The Ministry of Labor, Invalids, and Social Affairs has proposed the following two options:
- Maintain the lump-sum social insurance withdrawal mechanism for employees who participate in insurance before 2025. Employees who start participating in social insurance from 2025 onwards will not be eligible for a lump-sum withdrawal.
- Maintain the current lump-sum social insurance withdrawal mechanism but add a provision that employees who wish to make a lump-sum withdrawal from 2025 onwards will only be allowed to withdraw a maximum of 50% of the time they have participated in the social insurance system.

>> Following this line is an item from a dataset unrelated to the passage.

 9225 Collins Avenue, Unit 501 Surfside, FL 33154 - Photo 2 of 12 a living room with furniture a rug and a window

Employees who participate in social insurance from 2025 onwards will not be eligible for a lump-sum social insurance withdrawal
Continuing the spirit of Resolution 93, which allows employees to reserve or withdraw their contributions as needed, current employees will be eligible for a lump-sum social insurance withdrawal after 12 months of resignation without further participation in the social insurance system, including both compulsory and voluntary social insurance.
If employees join the social insurance system after the effective date of the amended law, which is January 1, 2025, they will not be eligible for a lump-sum social insurance withdrawal except in cases where the withdrawing individual is of retirement age but has not contributed enough years to qualify for a pension, is immigrating abroad, or is afflicted by life-threatening illnesses.

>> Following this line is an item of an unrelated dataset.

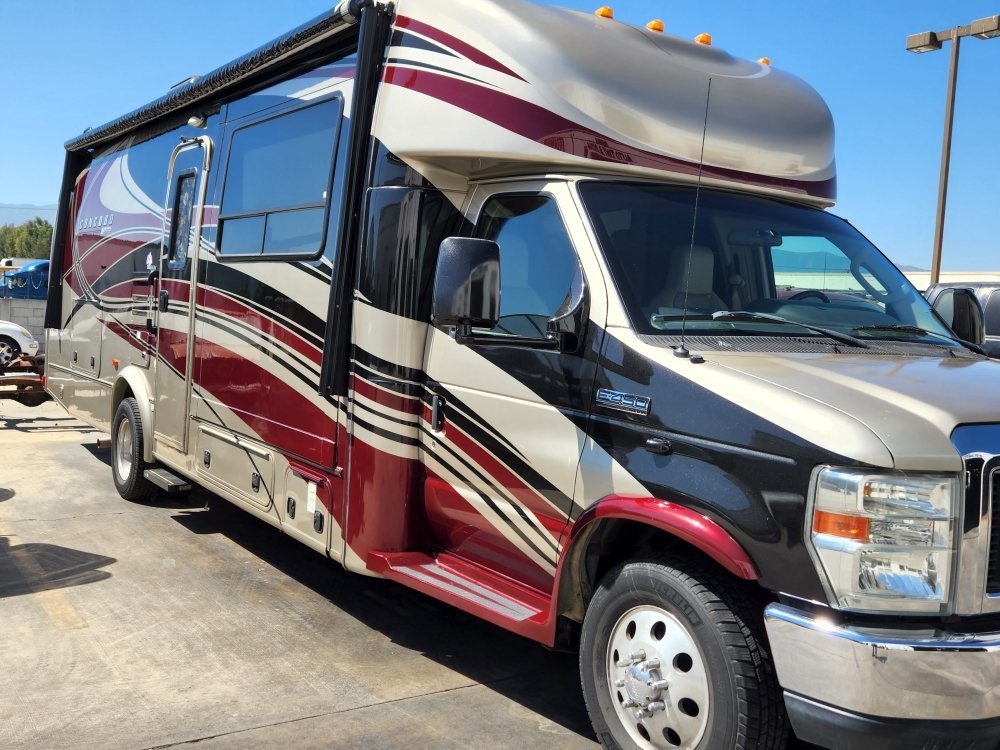 Class A motorhome at the shop for detailing and tint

According to the assessment of the Ministry, this option is sustainable and highly feasible, as current participants in the social insurance system will not be affected in terms of their benefits. However, the impact will be felt by future generations of employees, as they will struggle to build up sufficient financial reserves for financial risks.
Nevertheless, since this proposal does not prohibit social insurance withdrawal for employees currently employed, the number of withdrawals is unlikely to decrease in the coming years. The Ministry estimates that a noticeable decrease in the number of employees making social insurance withdrawals will not occur until 2030. Assuming a employee’s working age is around 40 years, it would take until 2064 for Vietnam to see an end to the practice of lump-sum social insurance withdrawals.

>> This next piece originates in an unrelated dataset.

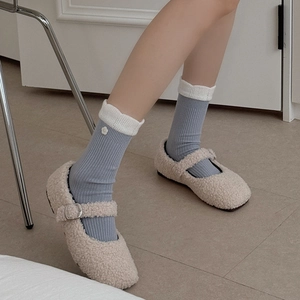 Women's vertical striped socks with lace trim and floral buttons worn with fuzzy flats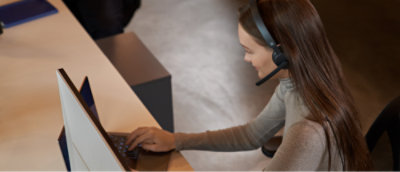 Przedstawicielka obsługi klienta w zestawie słuchawkowym pracująca na komputerze.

However, during this time period, due to the gradual decline in the number of employees seeking to withdraw insurance upon reaching retirement age, the pressure on the system will not be excessive, and the fund will remain preserved.
Employees participating in social insurance from 2025 can make a lump-sum withdrawal, but not exceeding 50% of the total contribution period
Starting from January 1, 2025, employees wishing to make a lump-sum social insurance withdrawal will only be allowed to withdraw a maximum of 50% of their total contribution period to the retirement and survivorship fund. The remaining time will be preserved for continued participation in the social security system and receiving benefits upon retirement.
This proposal is not related to employees who join the social insurance system before or after 2025. The second proposal only pertains to the rights of employees that will be affected by whether they choose to make a social insurance withdrawal before or after 2025.
Therefore, if this proposal is implemented, the social insurance fund of Vietnam may face significant pressure from the present time until the beginning of 2025, as employees rush to apply for lump-sum social insurance withdrawals before the amended law takes effect.
Among the two options, option 1 has received a higher level of support. According to a survey by VnExpress, as many as 90% of readers agree with option 1, while only about 10% choose option 2, which limits employees’ withdrawal rights to 50%.